Media All Star: Baba Shetty

When Baba Shetty describes his career progression as “interesting,” he understates the case by more than a little. He didn’t study media or marketing in school and counted among his formative jobs a post at BMW’s US headquarters… in product development, where he worked on tweaking an early iteration of the next-generation 3 Series for the North American market. So how did Shetty, now chief strategy and media officer at DigitasLBi, become one of online and offline media’s go-to guys, not to mention one of its most eloquent voices?

To hear Shetty tell it, it was in large part because he asked lots of questions. He couldn’t help himself, really. After impressing the then-CMO of BMW with his curiosity and intellect, he was installed as media director.

“I hadn’t worked in media before and it was all new to me, but I actually loved it,” he says. From his first moment in the job onwards, he learned by doing. “A big part of it was just throwing ideas around. What made for a great media plan? Why Rolling Stone and Esquire instead of Spin and GQ? Why ESPN instead of ABC?”

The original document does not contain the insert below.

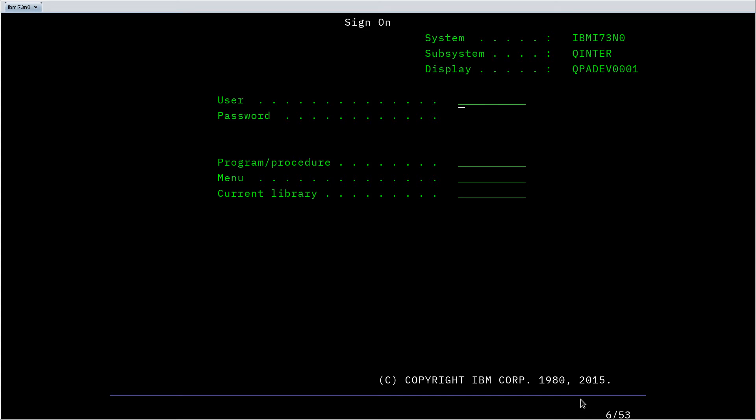Hello and welcome back. I'm Matthew and today we are going to look at the F4 prompt feature of the IBM i operating system. So let's get signed in here.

Shetty did what he calls his “post-graduate work in new media” at his next job, as a principal analyst at Forrester Research. There, he made it his mission to examine client situations and attempt to discern where consumer behavior vis-à-vis media was headed. “I tried to understand how companies could benefit from the changes that were happening, or at least not get left behind,” he recalls. Two agency stints, as digital lead at Fallon Worldwide and as chief media officer and chief strategy officer at Hill Holliday, followed.

And then Shetty once again zigged where others might have zagged. He left Hill Holiday for a stint as CEO of Newsweek/The Daily Beast, a post in which he oversaw the relaunch of the magazine’s borderline archaic web site. That relaunch came about in the wake of the company’s decision to eliminate its venerable print edition (it has since come back from the dead). Though Shetty only stayed with Newsweek/Beast for nine months, he says the experience proved invaluable, especially in learning more about how the proverbial other half lives.

“Every buy-side person should spend time on the sale-side,” he says. “It should be mandatory, frankly.”

Shetty’s Newsweek/Beast tenure also helped him further hone his storytelling chops, a muscle he exercises just about every day at DigitasLBi. It’s precisely that slightly uncommon approach to media — one which views media as both a creative and scientific endeavor — that distinguishes Shetty’s, and thus DigitasLBi’s, work in a pedantic business. He describes it like this: “There are two things you have to think about today to do great media work. You have to think about foundational media — reach, continuity, efficiency — and you have to think about designed media — creativity, impact, media as expression of a brand.”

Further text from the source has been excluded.